Low-Grade Astrocytoma Follow-up
- Author: George I Jallo, MD; Chief Editor: Tarakad S Ramachandran, MBBS, FRCP(C), FACP more...
Further Inpatient Care
- Most experts agree that pilocytic astrocytomas are curable with gross total resection and no further therapy. Gross total resection is also a cure for patients with subependymal giant-cell astrocytoma or pleomorphic xanthoastrocytoma. If a subtotal resection is obtained and tumor regrowth occurs, radiation therapy can be considered.
- The treatment of most low-grade astrocytomas is far less straightforward. Every possible combination of treatments has its proponents. Some clinicians favor a "wait and see" approach with presumptive low-grade astrocytomas that show little or no mass effect and in patients whose seizures are well controlled on medications. Others have suggested that all patients should have a biopsy to confirm the diagnosis and then early local-field radiation. Finally, others maintain that the best treatment begins with the maximum possible resection followed by radiation. While some have suggested that biopsy and radiation is as effective as gross total resection and radiation, oncologic principles suggest that removing as much tumor as possible is beneficial even if all neoplastic cells cannot be removed owing to the infiltrating nature of gliomas. The role of adjuvant chemotherapy is also controversial.

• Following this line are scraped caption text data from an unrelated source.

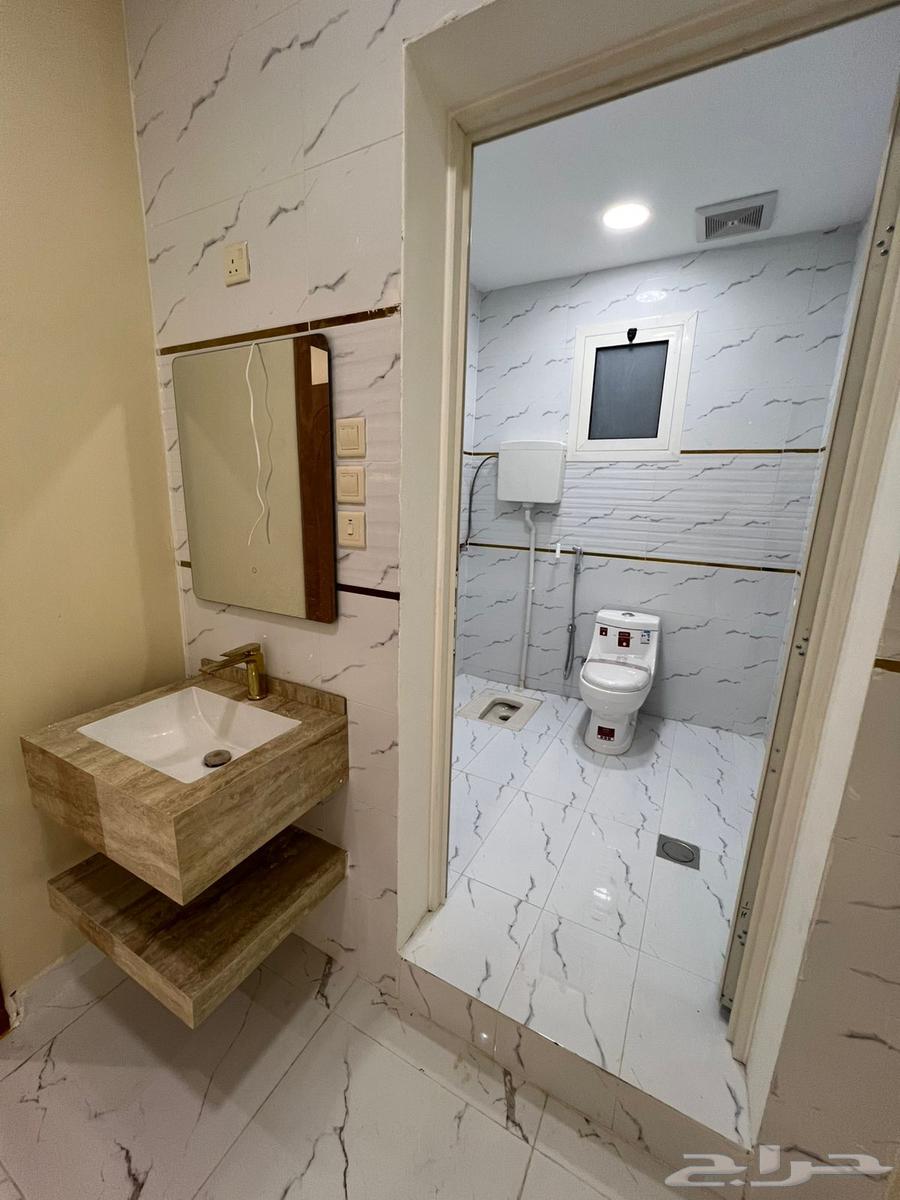 للإيجار شقة عوايل جديدة مستقله بالهفوف64550361080450111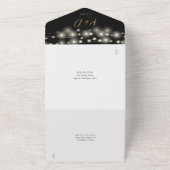 Zwart en goud String Lights gebladerte bruiloft All In One Uitnodiging (Buitenkant)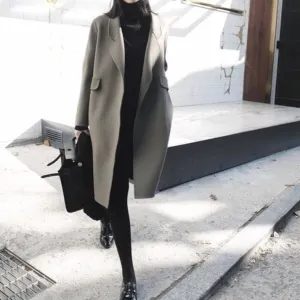 Nina - Elegante en Warme Ontwerpjas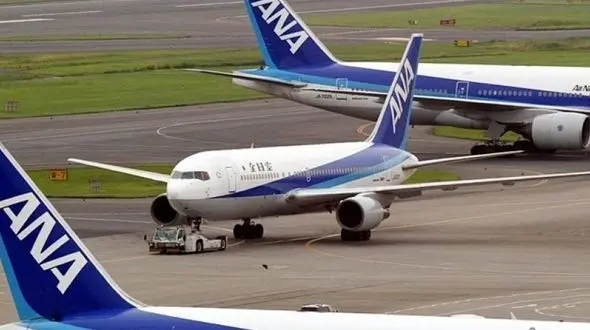 آتش گرفتن موتور هواپیما بوئینگ 767 با 278 مسافر / در فرودگاه ژاپن رخ داد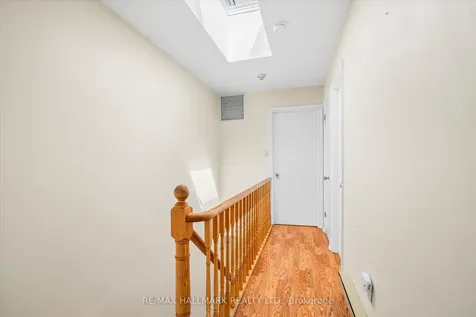 122 Glen Manor Drive Toronto ON M4E 2X6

- Radiation has been shown in a number of series to be of benefit in patients who previously underwent intracranial surgery for low-grade astrocytoma. Early radiation may be more appropriate for patients who have undergone subtotal resection, while watchful waiting may be more appropriate for patients who have undergone gross total resection. If the tumor recurs after gross total resection, further surgery and radiation should be considered. The role of chemotherapy in low-grade gliomas is less well understood. It may be an option for those patients who have regrowth of tumor after surgery and/or radiation. Standardized clinical trials in patients with low-grade glioma are lacking.
- The possible roles of radiation and chemotherapy in low-grade astrocytoma of the spinal cord are unknown since long-term remission is common following surgery alone.
Further Outpatient Care
- Upon discharge, these patients need to have regular follow-up with a qualified neurologist/neuro-oncologist and/or neurosurgeon to address the complex issues that arise in patients with low-grade gliomas. If the patient also has epilepsy, consultation with an epileptologist may be useful.
- Patients with low-grade lesions who present with symptomatic hydrocephalus, seizures, and/or mass effect need to be admitted. Patients with seizures need to be started on an anticonvulsant regimen, and an inpatient workup may include further imaging studies and EEG.
- Patients with hydrocephalus from obstruction of CSF pathways by tumor require admission and possibly surgery for placement of a shunt and/or tumor resection.
- Patients with symptoms and/or signs of elevated intracranial pressure due to mass effect from tumor and edema should be admitted and started on a regimen of dexamethasone while surgery is considered.
- Determination of the exact timing of surgery and the type of surgery requires consultation with a qualified neurosurgeon.
Inpatient & Outpatient Medications
As described above, an anticonvulsant (if seizures are present) and dexamethasone (if edema is significant) are continued on an inpatient or outpatient basis. In addition, antiulcer medication is given with the corticosteroid for GI prophylaxis.
Transfer
At some institutions, transferring the patient to another facility may be necessary if the proper consultations cannot be obtained. Particularly in patients with significant hydrocephalus, transfer to a facility with neurosurgical coverage is indicated. However, in patients with no hydrocephalus, surgery can be scheduled on an elective, but preferably urgent, basis.
Prognosis
As already discussed, prognosis greatly depends on the pathology of the tumor. Taking many published series together, median survival duration is approximately 7.5 years. However, patients with pilocytic astrocytomas who undergo gross total resection can expect a cure. For low-grade astrocytomas that continue their relentless slow growth, progressive neurologic deficit may occur over a period of years.
In a large, multi-institutional study of patients with low-grade gliomas, Chang et al found that the University of California, San Francisco (UCSF) preoperative scoring system accurately predicted overall survival (OS) and progression-free survival (PFS). The 537 patients in the study were assigned a prognostic score based upon the sum of points assigned to the presence of each of the 4 following factors: (1) location of tumor in presumed eloquent cortex, (2) Karnofsky Performance Scale (KPS) Score ≤80, (3) age >50 years, and (4) maximum diameter >4 cm. Stratification of patients based on scores generated groups (0-4) with statistically different OS and PFS estimates (p < 0.0001). The 5-year cumulative OS probabilities stratified by score group were as follows: score of 0, 0.98; score of 1, 0.90; score of 2, 0.81; score of 3, 0.53; and score of 4, 0.46.[4]